Hang Lung Properties Limited (HKG:101) is currently trading at a trailing P/E of 7.7, which is higher than the industry average of 5.8. Though this might seem to be a negative, you might change your mind after I explain the assumptions behind the P/E ratio. Today, I will deconstruct the P/E ratio and highlight what you need to be careful of when using the P/E ratio.

See our latest analysis for Hang Lung Properties

Breaking down the P/E ratio

SEHK:101 PE PEG Gauge October 1st 18
SEHK:101 PE PEG Gauge October 1st 18

P/E is a popular ratio used for relative valuation. It compares a stock’s price per share to the stock’s earnings per share. A more intuitive way of understanding the P/E ratio is to think of it as how much investors are paying for each dollar of the company’s earnings.

P/E Calculation for 101

Price-Earnings Ratio = Price per share ÷ Earnings per share

101 Price-Earnings Ratio = HK$15.3 ÷ HK$1.997 = 7.7x

The P/E ratio itself doesn’t tell you a lot; however, it becomes very insightful when you compare it with other similar companies. Our goal is to compare the stock’s P/E ratio to the average of companies that have similar attributes to 101, such as company lifetime and products sold. One way of gathering a peer group is to use firms in the same industry, which is what I’ll do. At 7.7, 101’s P/E is higher than its industry peers (5.8). This implies that investors are overvaluing each dollar of 101’s earnings. This multiple is a median of profitable companies of 25 Real Estate companies in HK including Fullsun International Holdings Group, Top Spring International Holdings and Chinney Investments. You could think of it like this: the market is pricing 101 as if it is a stronger company than the average of its industry group.

A few caveats

Before you jump to conclusions it is important to realise that there are assumptions in this analysis. Firstly, that our peer group contains companies that are similar to 101. If this isn’t the case, the difference in P/E could be due to other factors. For example, if Hang Lung Properties Limited is growing faster than its peers, then it would deserve a higher P/E ratio. We should also be aware that the stocks we are comparing to 101 may not be fairly valued. Just because it is trading on a higher P/E ratio than its peers does not mean it must be overvalued. After all, the peer group could be undervalued.

What this means for you:

If your personal research into the stock confirms what the P/E ratio is telling you, it might be a good time to rebalance your portfolio and reduce your holdings in 101. But keep in mind that the usefulness of relative valuation depends on whether you are comfortable with making the assumptions I mentioned above. Remember that basing your investment decision off one metric alone is certainly not sufficient. There are many things I have not taken into account in this article and the PE ratio is very one-dimensional. If you have not done so already, I urge you to complete your research by taking a look at the following:

  1. Future Outlook: What are well-informed industry analysts predicting for 101’s future growth? Take a look at our free research report of analyst consensus for 101’s outlook.

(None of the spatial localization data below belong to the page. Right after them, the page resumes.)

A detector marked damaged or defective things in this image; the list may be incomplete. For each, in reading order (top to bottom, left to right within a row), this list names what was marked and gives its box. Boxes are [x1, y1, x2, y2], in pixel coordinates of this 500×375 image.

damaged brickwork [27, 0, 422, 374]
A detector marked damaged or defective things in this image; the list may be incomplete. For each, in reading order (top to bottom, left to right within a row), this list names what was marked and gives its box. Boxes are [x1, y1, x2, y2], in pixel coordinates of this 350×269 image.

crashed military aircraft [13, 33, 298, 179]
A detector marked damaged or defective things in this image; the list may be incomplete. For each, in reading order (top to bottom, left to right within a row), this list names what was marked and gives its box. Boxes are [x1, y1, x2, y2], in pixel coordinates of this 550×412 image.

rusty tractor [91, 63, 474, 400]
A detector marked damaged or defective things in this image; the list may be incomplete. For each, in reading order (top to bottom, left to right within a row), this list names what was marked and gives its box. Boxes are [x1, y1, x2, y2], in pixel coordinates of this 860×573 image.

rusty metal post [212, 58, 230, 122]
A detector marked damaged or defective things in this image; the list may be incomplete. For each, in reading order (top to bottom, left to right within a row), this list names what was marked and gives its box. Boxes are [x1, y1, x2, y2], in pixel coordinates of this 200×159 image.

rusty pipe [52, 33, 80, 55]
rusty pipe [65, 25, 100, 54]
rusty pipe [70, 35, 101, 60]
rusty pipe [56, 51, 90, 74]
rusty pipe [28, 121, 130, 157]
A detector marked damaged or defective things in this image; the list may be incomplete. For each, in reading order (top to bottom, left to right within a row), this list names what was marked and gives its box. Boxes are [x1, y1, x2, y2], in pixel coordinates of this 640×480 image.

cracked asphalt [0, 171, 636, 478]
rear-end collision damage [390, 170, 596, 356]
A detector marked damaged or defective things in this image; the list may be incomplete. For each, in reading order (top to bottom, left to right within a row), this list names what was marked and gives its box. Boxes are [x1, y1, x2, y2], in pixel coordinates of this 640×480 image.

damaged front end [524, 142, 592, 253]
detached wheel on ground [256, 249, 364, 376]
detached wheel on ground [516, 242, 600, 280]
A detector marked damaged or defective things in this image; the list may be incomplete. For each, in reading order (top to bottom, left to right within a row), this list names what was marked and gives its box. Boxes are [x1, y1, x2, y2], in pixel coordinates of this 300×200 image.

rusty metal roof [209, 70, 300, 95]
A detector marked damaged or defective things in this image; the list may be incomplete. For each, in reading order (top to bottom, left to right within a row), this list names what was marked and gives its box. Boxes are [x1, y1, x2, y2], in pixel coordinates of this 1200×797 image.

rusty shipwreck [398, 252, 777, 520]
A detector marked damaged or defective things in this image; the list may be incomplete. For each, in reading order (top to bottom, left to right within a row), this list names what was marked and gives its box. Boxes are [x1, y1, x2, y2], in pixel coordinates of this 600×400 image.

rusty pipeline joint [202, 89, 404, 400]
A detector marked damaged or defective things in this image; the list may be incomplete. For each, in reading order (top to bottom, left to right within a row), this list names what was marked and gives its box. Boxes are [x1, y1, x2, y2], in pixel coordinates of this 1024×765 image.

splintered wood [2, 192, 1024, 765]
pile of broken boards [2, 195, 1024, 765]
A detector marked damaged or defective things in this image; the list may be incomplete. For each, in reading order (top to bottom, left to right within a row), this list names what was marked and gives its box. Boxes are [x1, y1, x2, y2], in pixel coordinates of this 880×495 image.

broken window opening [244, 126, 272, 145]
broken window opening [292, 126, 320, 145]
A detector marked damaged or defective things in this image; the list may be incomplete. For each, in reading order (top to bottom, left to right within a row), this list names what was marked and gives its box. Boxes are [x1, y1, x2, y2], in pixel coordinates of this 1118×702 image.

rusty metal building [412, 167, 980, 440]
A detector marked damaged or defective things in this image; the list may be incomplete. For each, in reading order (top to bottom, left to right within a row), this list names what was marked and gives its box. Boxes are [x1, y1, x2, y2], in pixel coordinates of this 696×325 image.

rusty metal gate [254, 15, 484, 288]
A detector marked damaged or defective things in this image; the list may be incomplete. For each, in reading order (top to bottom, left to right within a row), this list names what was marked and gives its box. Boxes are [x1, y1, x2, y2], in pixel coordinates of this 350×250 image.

  2. Past Track Record: Has 101 been consistently performing well irrespective of the ups and downs in the market? Go into more detail in the past performance analysis and take a look at the free visual representations of 101’s historicals for more clarity.

  3. Other High-Performing Stocks: Are there other stocks that provide better prospects with proven track records? Explore our free list of these great stocks here.

To help readers see past the short term volatility of the financial market, we aim to bring you a long-term focused research analysis purely driven by fundamental data. Note that our analysis does not factor in the latest price-sensitive company announcements.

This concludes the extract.